Exercise description: Beginning with the line containing "Vues prises du", write out each line exactly through the end of the listing, and skip all pictures.

Data to examine START

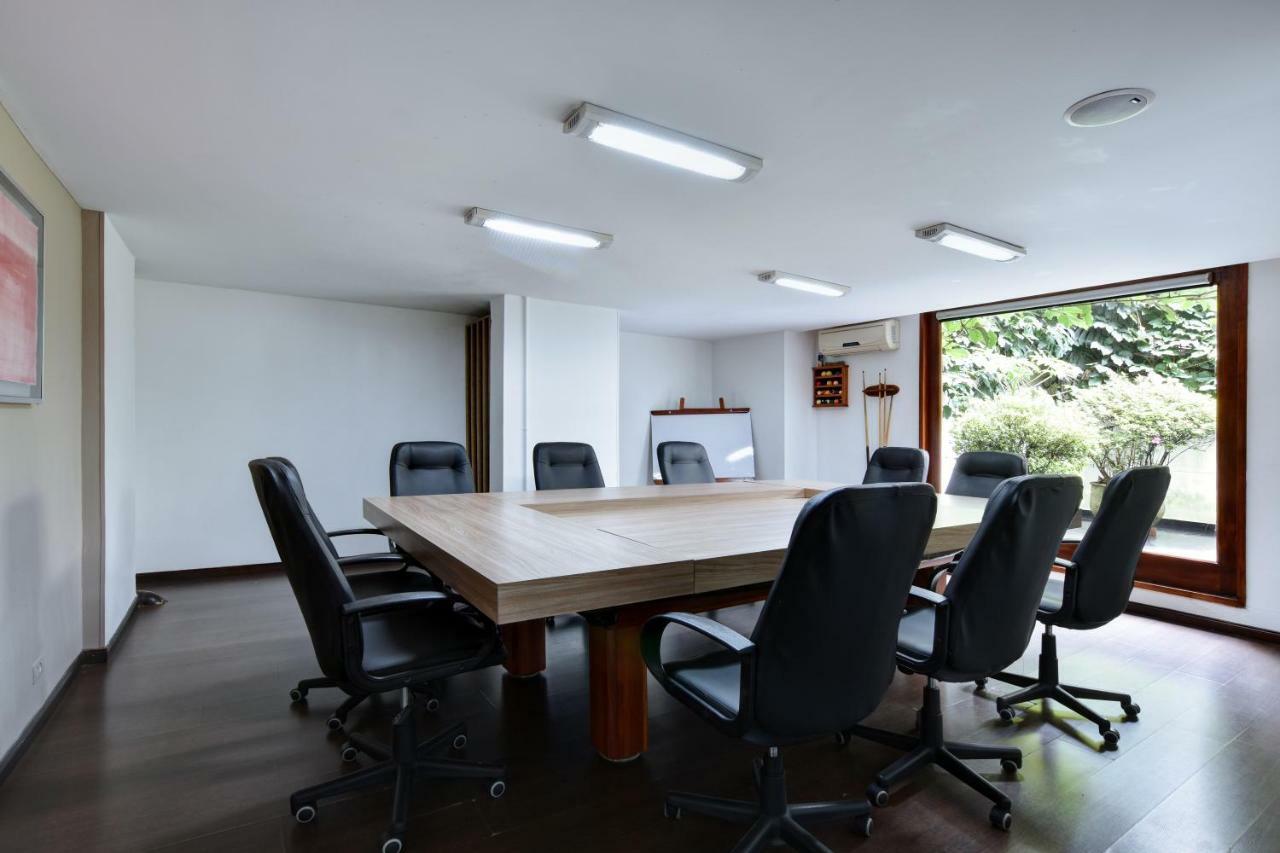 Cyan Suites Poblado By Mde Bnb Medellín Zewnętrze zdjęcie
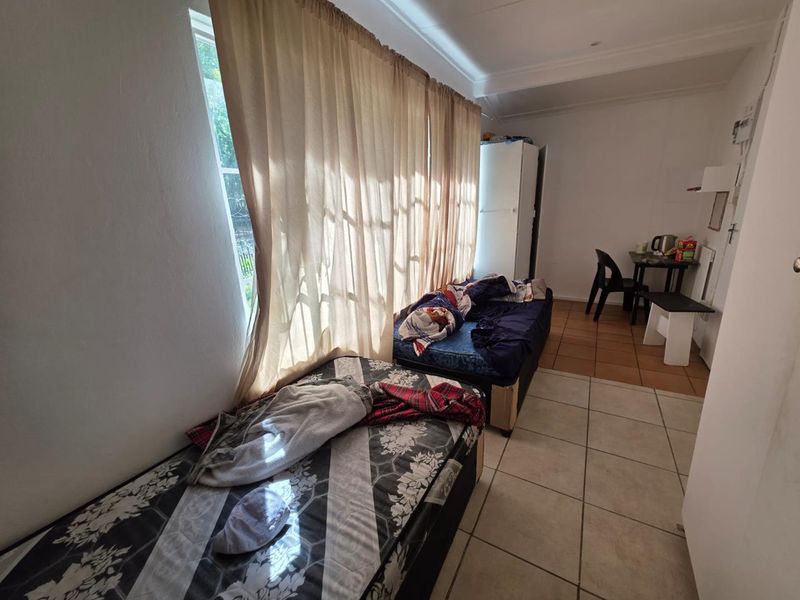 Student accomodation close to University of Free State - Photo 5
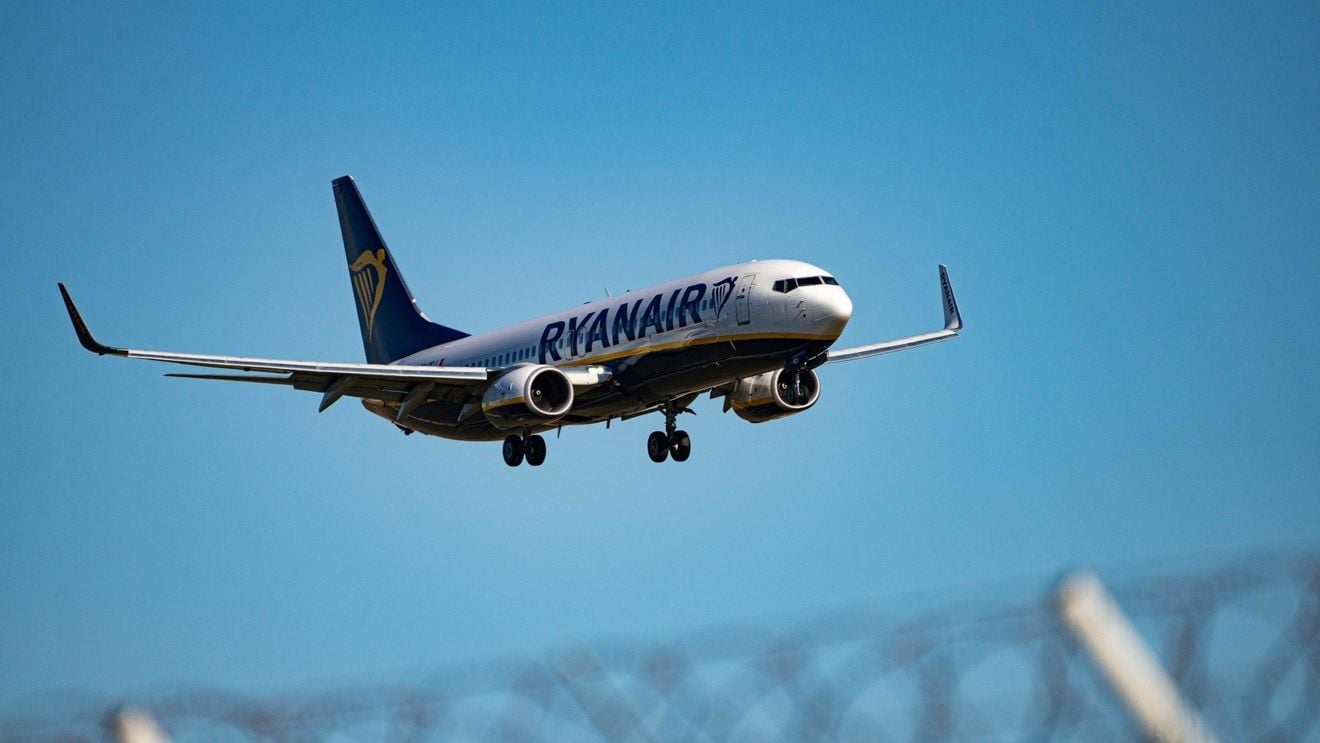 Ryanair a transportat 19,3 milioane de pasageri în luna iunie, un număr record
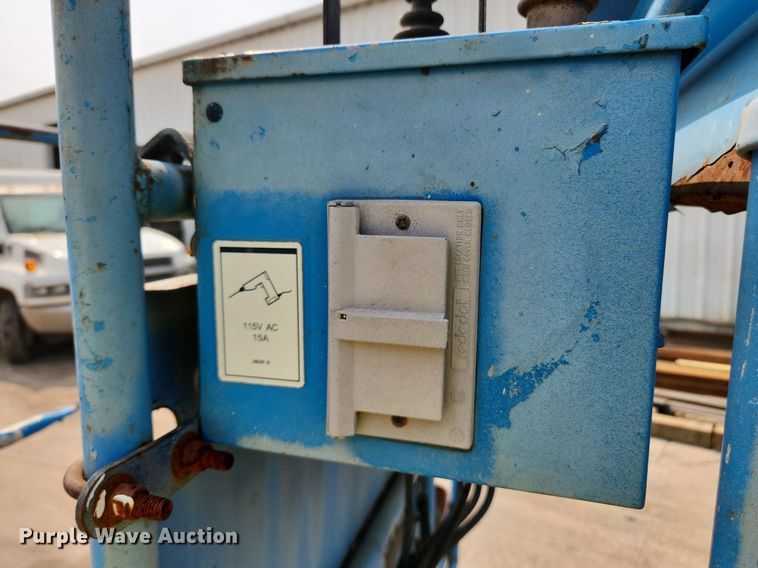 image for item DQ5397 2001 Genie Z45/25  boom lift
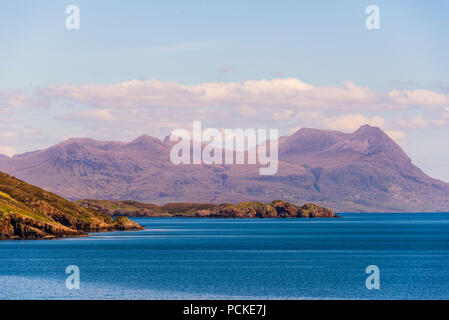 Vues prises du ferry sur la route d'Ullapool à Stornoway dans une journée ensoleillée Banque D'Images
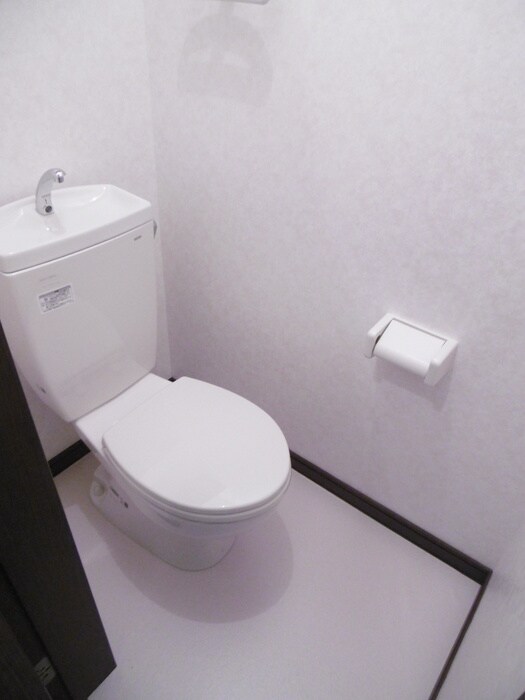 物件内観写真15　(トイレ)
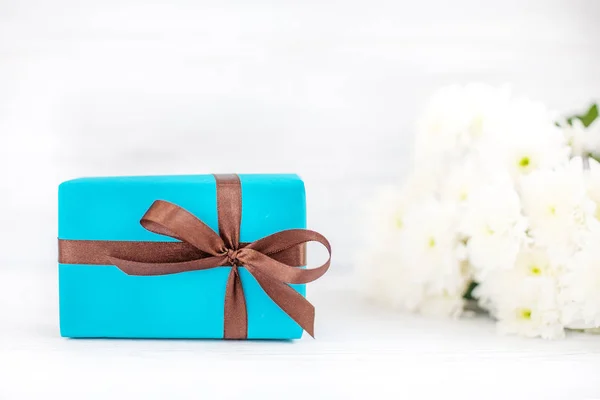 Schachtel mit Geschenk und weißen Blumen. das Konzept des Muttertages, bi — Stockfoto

Data to examine END

Reply to the task:
 Vues prises du ferry sur la route d'Ullapool à Stornoway dans une journée ensoleillée Banque D'Images
 物件内観写真15　(トイレ)
 Schachtel mit Geschenk und weißen Blumen. das Konzept des Muttertages, bi — Stockfoto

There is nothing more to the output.